### Given data
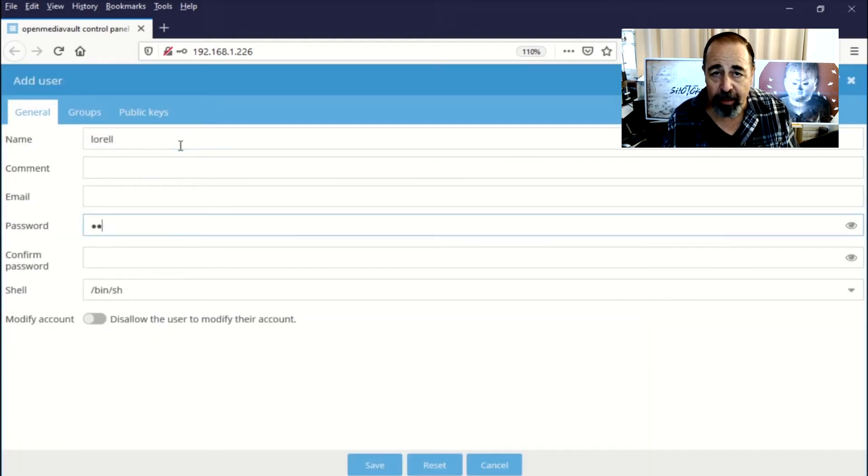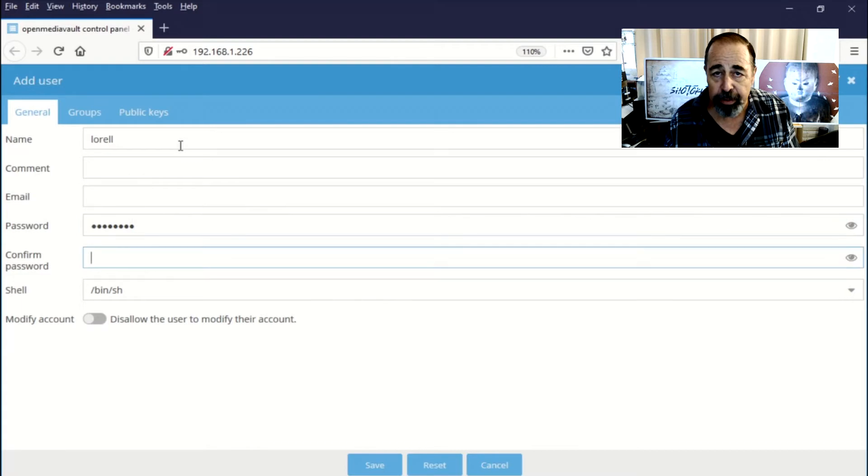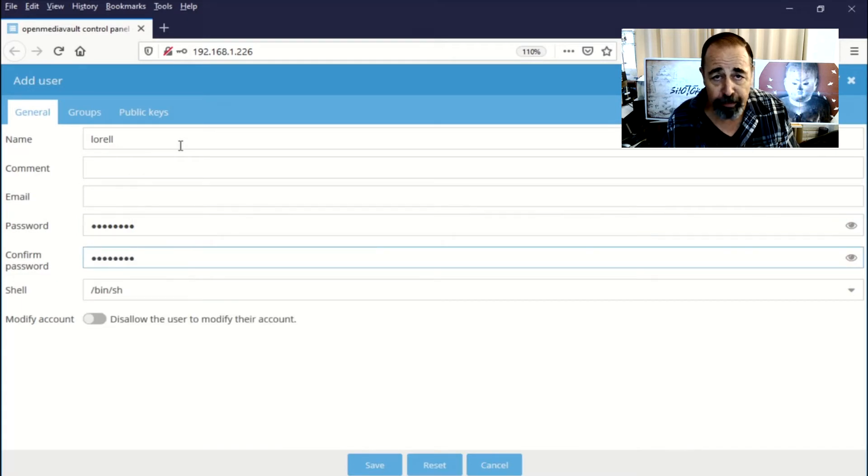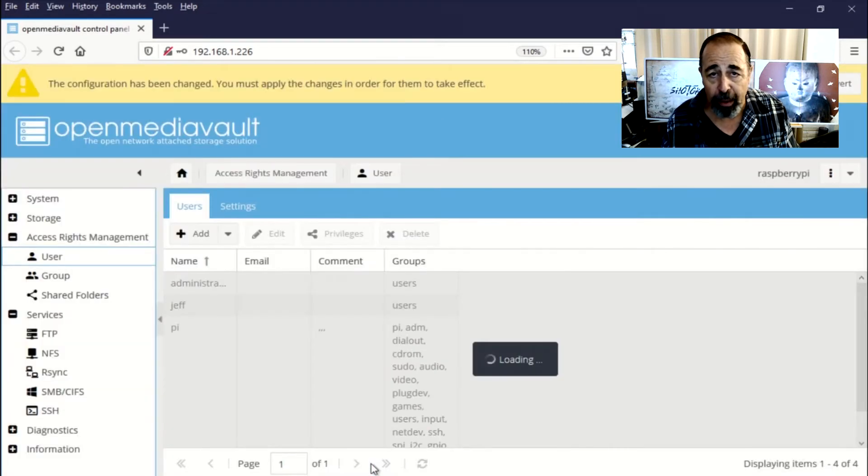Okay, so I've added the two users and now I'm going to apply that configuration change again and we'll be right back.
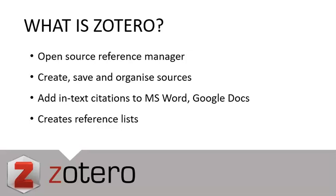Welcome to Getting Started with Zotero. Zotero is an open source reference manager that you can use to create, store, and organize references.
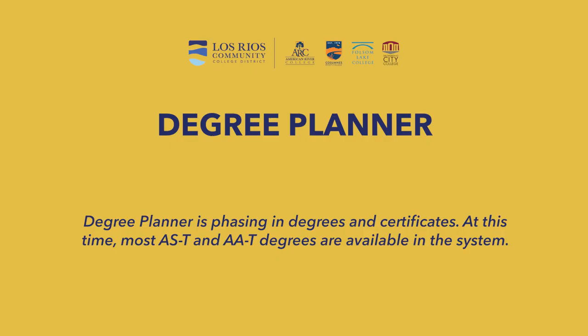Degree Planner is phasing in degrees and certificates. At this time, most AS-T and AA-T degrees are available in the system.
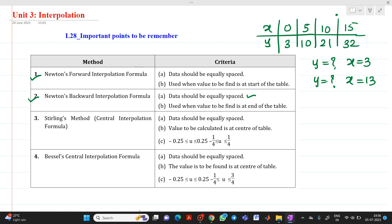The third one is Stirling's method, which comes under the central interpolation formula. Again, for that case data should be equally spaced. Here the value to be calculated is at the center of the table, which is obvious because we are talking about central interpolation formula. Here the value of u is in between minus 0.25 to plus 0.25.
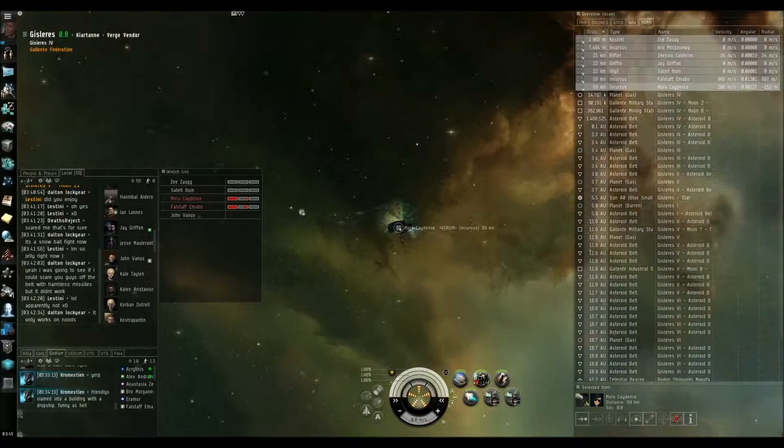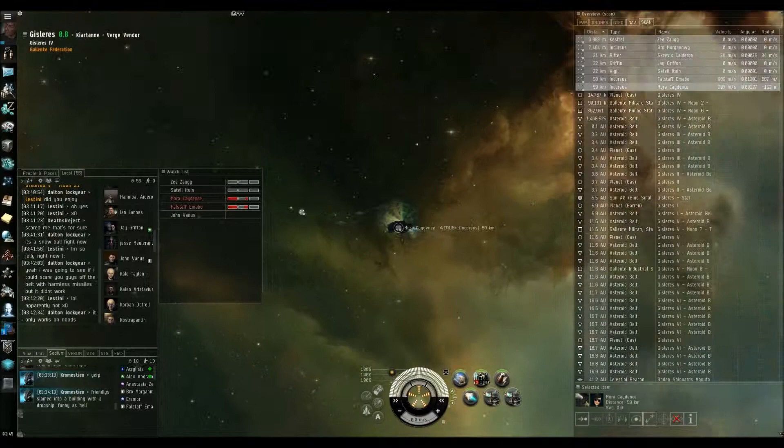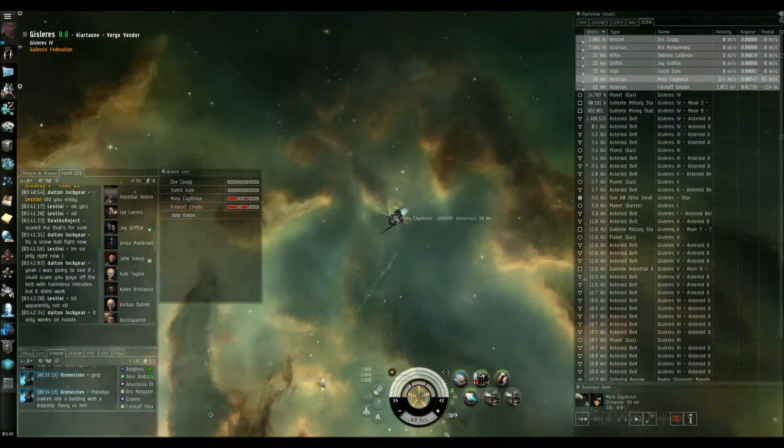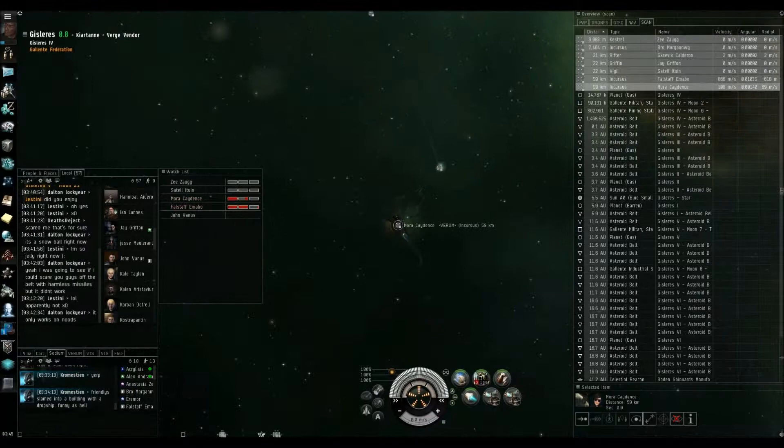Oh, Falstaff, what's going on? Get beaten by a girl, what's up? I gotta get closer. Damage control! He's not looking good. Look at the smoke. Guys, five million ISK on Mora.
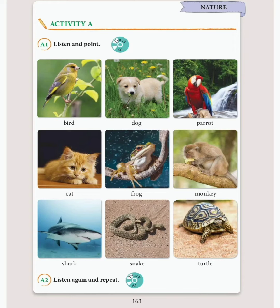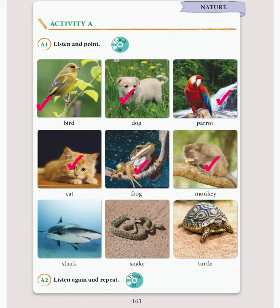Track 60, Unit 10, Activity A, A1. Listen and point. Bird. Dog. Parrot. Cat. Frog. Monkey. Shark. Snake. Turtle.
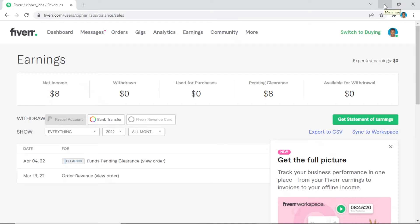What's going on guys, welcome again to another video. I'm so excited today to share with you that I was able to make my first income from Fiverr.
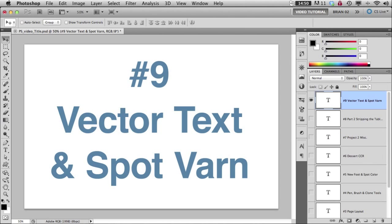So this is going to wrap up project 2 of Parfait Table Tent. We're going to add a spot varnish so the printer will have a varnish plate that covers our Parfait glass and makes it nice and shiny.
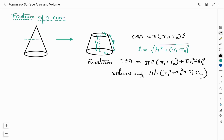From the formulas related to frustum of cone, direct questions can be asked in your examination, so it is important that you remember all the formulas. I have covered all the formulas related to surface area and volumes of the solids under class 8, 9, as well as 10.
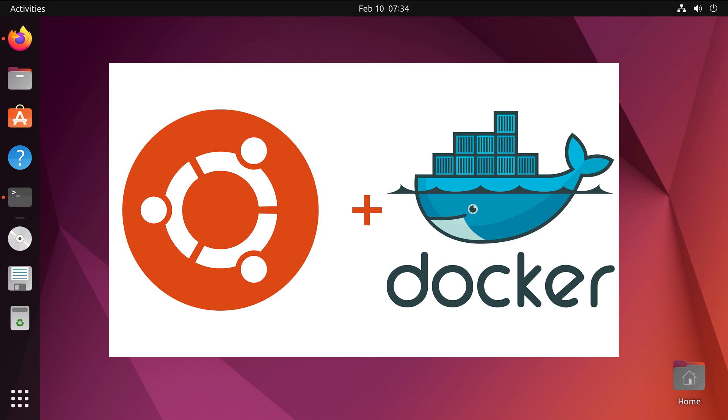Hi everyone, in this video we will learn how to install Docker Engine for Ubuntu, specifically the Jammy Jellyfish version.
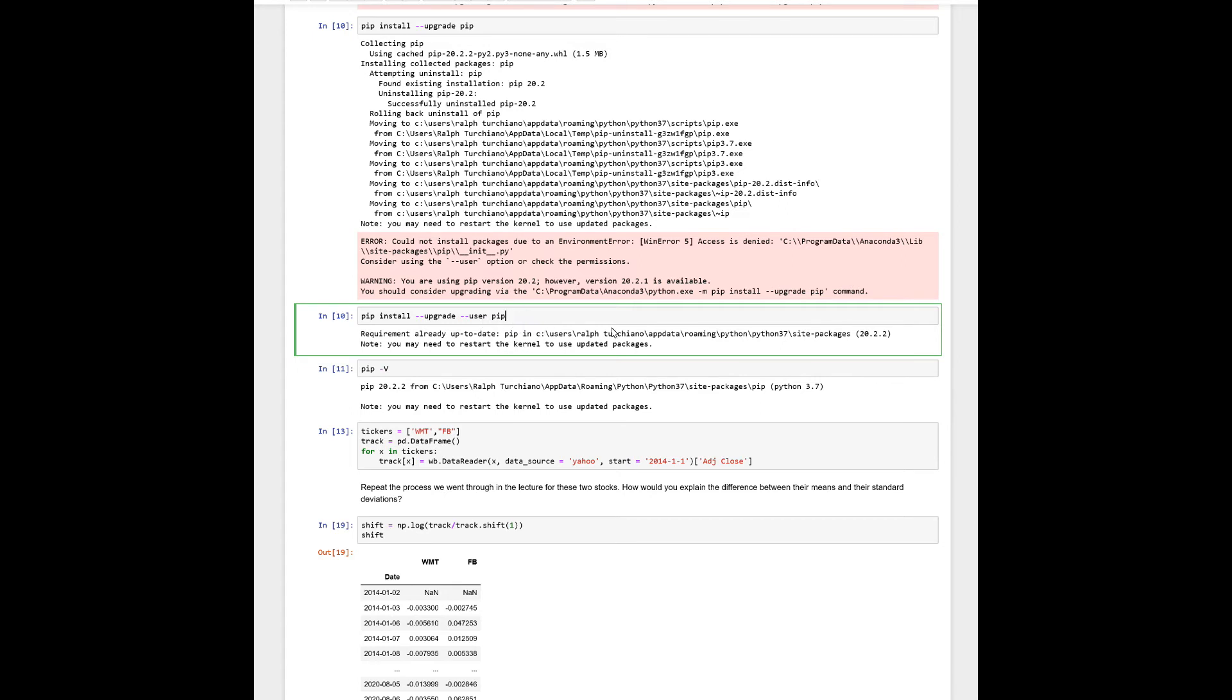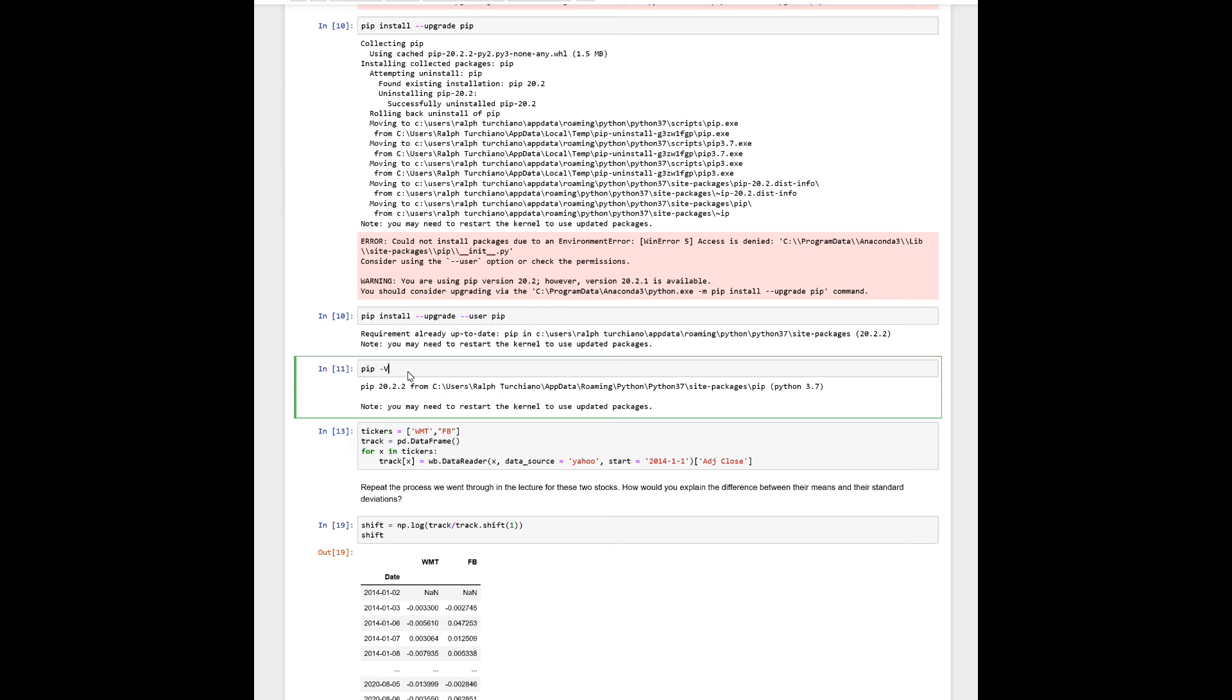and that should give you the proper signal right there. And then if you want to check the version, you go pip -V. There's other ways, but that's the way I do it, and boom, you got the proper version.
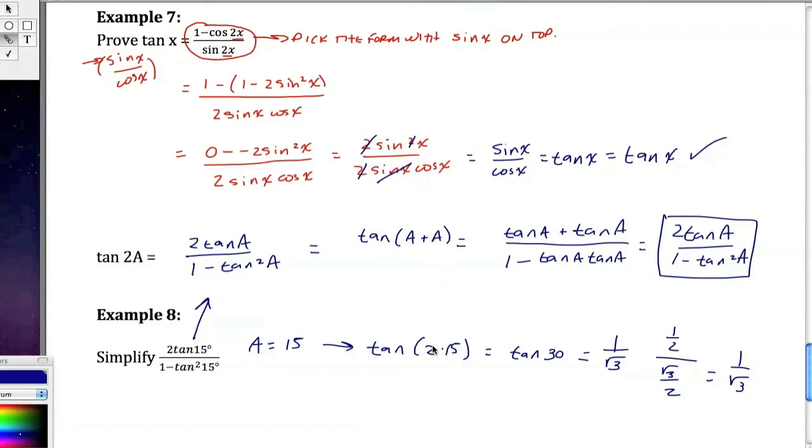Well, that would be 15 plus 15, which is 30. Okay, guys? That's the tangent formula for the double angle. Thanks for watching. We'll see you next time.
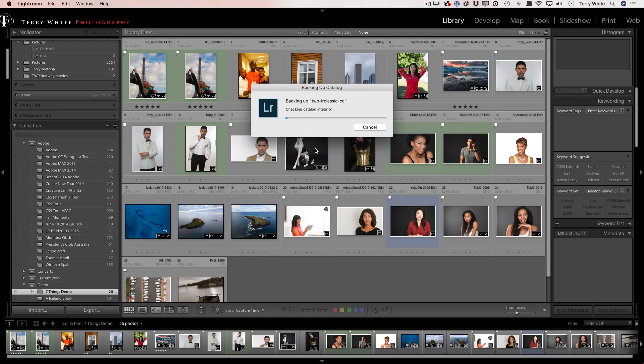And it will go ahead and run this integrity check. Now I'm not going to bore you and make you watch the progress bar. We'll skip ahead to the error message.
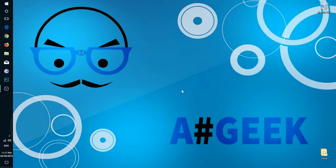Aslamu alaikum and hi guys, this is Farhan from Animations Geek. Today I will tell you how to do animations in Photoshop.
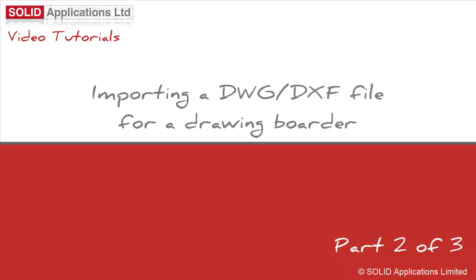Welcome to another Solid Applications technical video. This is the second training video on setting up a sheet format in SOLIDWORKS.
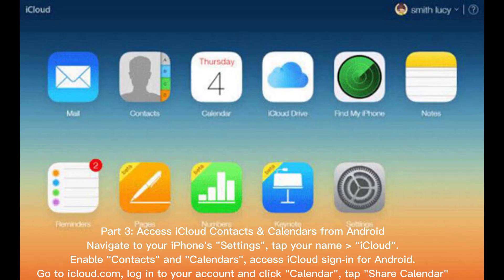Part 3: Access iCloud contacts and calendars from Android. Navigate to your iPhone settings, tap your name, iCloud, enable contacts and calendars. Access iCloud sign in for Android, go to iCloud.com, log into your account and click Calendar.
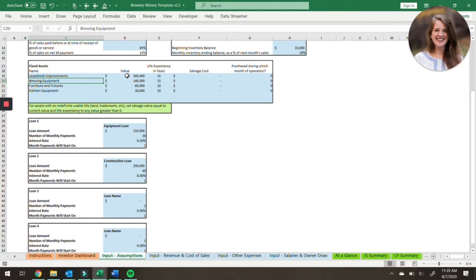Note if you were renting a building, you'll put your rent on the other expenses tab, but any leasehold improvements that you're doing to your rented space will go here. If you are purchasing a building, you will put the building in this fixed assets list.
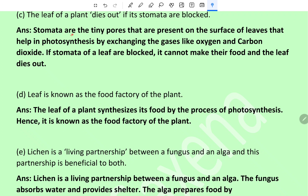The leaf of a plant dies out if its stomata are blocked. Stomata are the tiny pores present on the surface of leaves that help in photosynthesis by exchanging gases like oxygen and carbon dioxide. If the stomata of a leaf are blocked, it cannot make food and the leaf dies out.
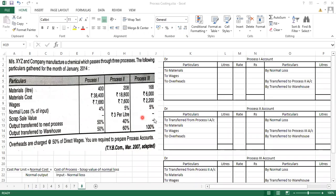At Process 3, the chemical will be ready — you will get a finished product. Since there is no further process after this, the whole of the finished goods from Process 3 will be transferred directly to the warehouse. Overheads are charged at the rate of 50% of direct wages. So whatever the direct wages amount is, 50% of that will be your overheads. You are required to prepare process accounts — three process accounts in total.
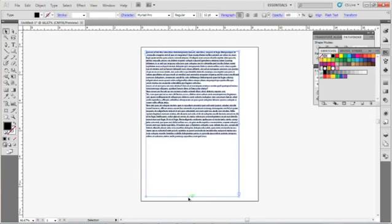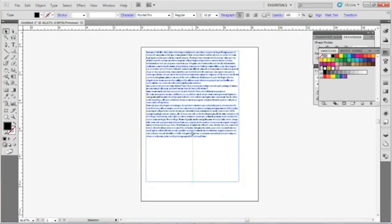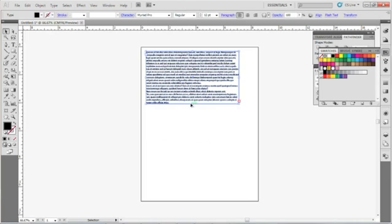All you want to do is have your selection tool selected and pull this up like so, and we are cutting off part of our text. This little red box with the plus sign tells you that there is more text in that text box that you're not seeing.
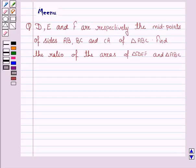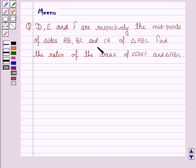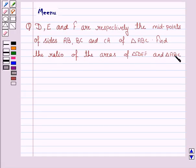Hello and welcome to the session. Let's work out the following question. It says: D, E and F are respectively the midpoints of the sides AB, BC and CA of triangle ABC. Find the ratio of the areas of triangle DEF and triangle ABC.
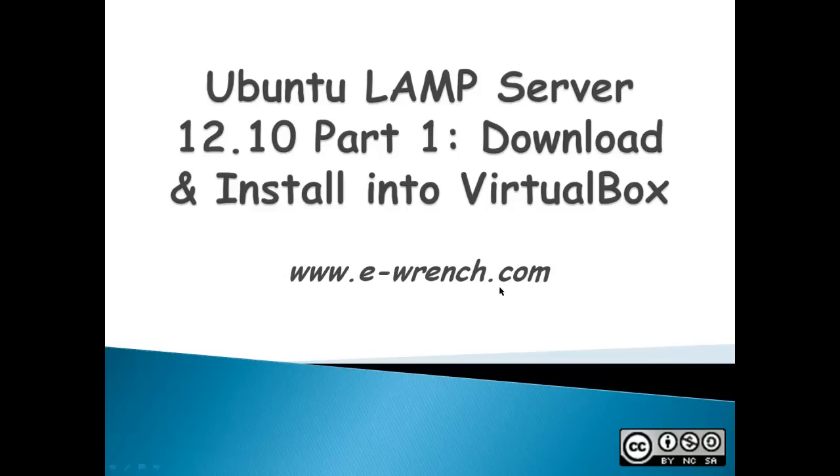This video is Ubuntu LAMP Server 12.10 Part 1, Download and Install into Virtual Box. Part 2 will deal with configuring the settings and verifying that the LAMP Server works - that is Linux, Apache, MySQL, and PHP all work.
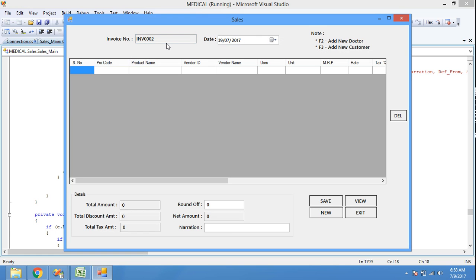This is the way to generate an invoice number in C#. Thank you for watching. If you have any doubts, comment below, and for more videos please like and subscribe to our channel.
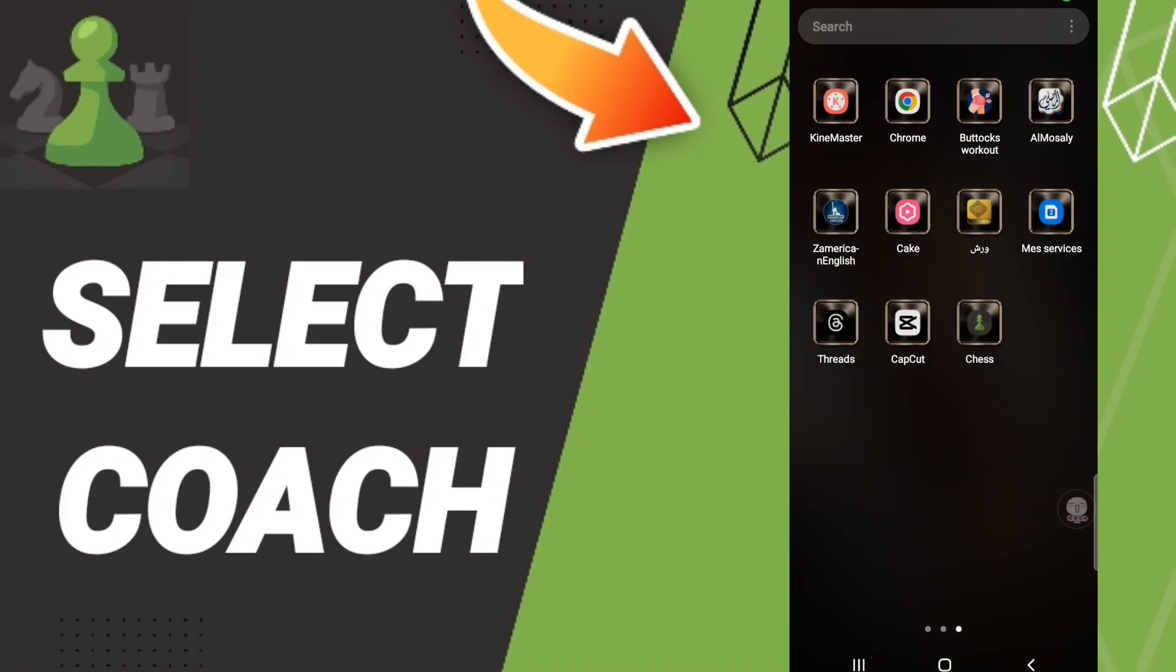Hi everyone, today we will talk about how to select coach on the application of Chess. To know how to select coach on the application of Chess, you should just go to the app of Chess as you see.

### Task brief
Above are some entries. Restate word for word the lines from the one holding "The leaf of" through the one holding "This is the way", but not the pictures.

### Response area
The leaf of a plant dies out if its stomata are blocked. Stomata are the tiny pores present on the surface of leaves that help in photosynthesis by exchanging gases like oxygen and carbon dioxide. If the stomata of a leaf are blocked, it cannot make food and the leaf dies out.
At Process 3, the chemical will be ready — you will get a finished product. Since there is no further process after this, the whole of the finished goods from Process 3 will be transferred directly to the warehouse. Overheads are charged at the rate of 50% of direct wages. So whatever the direct wages amount is, 50% of that will be your overheads. You are required to prepare process accounts — three process accounts in total.
All you want to do is have your selection tool selected and pull this up like so, and we are cutting off part of our text. This little red box with the plus sign tells you that there is more text in that text box that you're not seeing.
Hello and welcome to the session. Let's work out the following question. It says: D, E and F are respectively the midpoints of the sides AB, BC and CA of triangle ABC. Find the ratio of the areas of triangle DEF and triangle ABC.
This video is Ubuntu LAMP Server 12.10 Part 1, Download and Install into Virtual Box. Part 2 will deal with configuring the settings and verifying that the LAMP Server works - that is Linux, Apache, MySQL, and PHP all work.
This is the way to generate an invoice number in C#. Thank you for watching. If you have any doubts, comment below, and for more videos please like and subscribe to our channel.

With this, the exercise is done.